Probably, i'm filling the graph in the wrong way.

You can dowload the data file here:
https://drive.google.com/file/d/1y0fX1kopgzQEWgmRHRnouWHnMkuliwfw/view?usp=sharing

solstag · November 27, 2018, 1:52am

Ni! Hi elastica,

In graph-tool you can efficiently add edges with properties using the
`add_edge_list` function:

https://graph-tool.skewed.de/static/doc/graph_tool.html#graph_tool.Graph.add_edge_list

I'd also suggest that you benchmark python code with the `cProfile` module,
it is much easier and more informative:

https://docs.python.org/3/library/profile.html

Cheers,
ale
.~´

attachment.html (4.45 KB)

elastica · November 29, 2018, 9:20am

Hi Alexandre and thanks for your useful response

The *add_edge_list* internally changes edges ordering to the lexicographic
one so in order to set weights, I have to sort the weighted-edge list,
adding some little overhead. On the other hand, *add_edge_list()* is much
more efficient than adding edges one by one with the add_edge method (about
7 times faster!). Unfortunately, this is still slow, even slower than
NetworkX (about 1.2 times slower and we all know that NetworkX highest
quality is not speed).

Here is the new version:

# ***********************
from time import clock
from sys import stderr, stdin

import graph_tool as gt
from graph_tool.topology import min_spanning_tree

import networkx as nx

# ------------ NetworkX Code ---------------------------

def kruskal_networkX(edges, n):
    G=nx.Graph()
    for a, b, w in edges:
        G.add_edge(a,b,weight=w)
    return sum(d['weight'] for (_,_,d) in
nx.minimum_spanning_tree(G).edges(data=True))

# ------------ Graph_tool Code ---------------------------

def kruskal_gt(wedges,n):
    wedges.sort()
    g= gt.Graph(directed=False)
    edges, weights= zip(*[((a,b),w) for (a,b,w) in wedges])
    weight = g.new_edge_property("long long")
    g.add_edge_list(edges)
    for e,(_,_,w) in zip(g.edges(), wedges):
        weight[e]=w
    tree=min_spanning_tree(g, weights=weight)
    return sum(b*weight[e] for (e,b) in zip(g.edges(), tree))

# ------------ Benchmark ---------------------------

def go(solver, L):
global duration

N=len(L)
k=1

    while k<N:
        edges=[]
        n=L[k]
        k+=1

        for a in range(n):
            d=L[k]
            k+=1
            for j in range(d):
                b=L[k]
                k+=1
                w=L[k]
                k+=1
                if a<b:
                    edges.append([a,b-1,w])
        start=clock()
        print(solver(edges, n))
        duration+=clock()-start

# data
L=list(int(z) for z in stdin.read().split() if z.isdigit())

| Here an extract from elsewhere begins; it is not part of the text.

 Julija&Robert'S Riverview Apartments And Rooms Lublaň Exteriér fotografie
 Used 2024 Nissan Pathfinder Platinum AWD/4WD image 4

for solver in [kruskal_networkX, kruskal_gt]:
    duration=0
    go(solver, L)
    print("----------------------------")
    print("%s : %.3f" %(solver.__name__, duration), file=stderr)

# ***********************

$ python3 gt_v2.py < big.in > gt.out
kruskal_networkX : 15.851
kruskal_gt : 19.713

tiago · November 29, 2018, 9:56am

The *add_edge_list* internally changes edges ordering to the lexicographic
one so in order to set weights, I have to sort the weighted-edge list,
adding some little overhead.

That's not true; no re-ordering is performed by add_edge_list().

On the other hand, *add_edge_list()* is much
more efficient than adding edges one by one with the add_edge method (about
7 times faster!). Unfortunately, this is still slow, even slower than
NetworkX (about 1.2 times slower and we all know that NetworkX highest
quality is not speed).

That's because you are looping over the edges _twice_. Take a more careful
look at the documentation for add_edge_list(), and you find that it accepts
an "eprops" parameters, which lists the edge property maps that need to be
filled as well. Just pass your weights to this parameter, and feed it a list
of (source, target, weight).

For it to be even faster, you can make your edge list be a Numpy array ---
in which case the entire loop will be in C++.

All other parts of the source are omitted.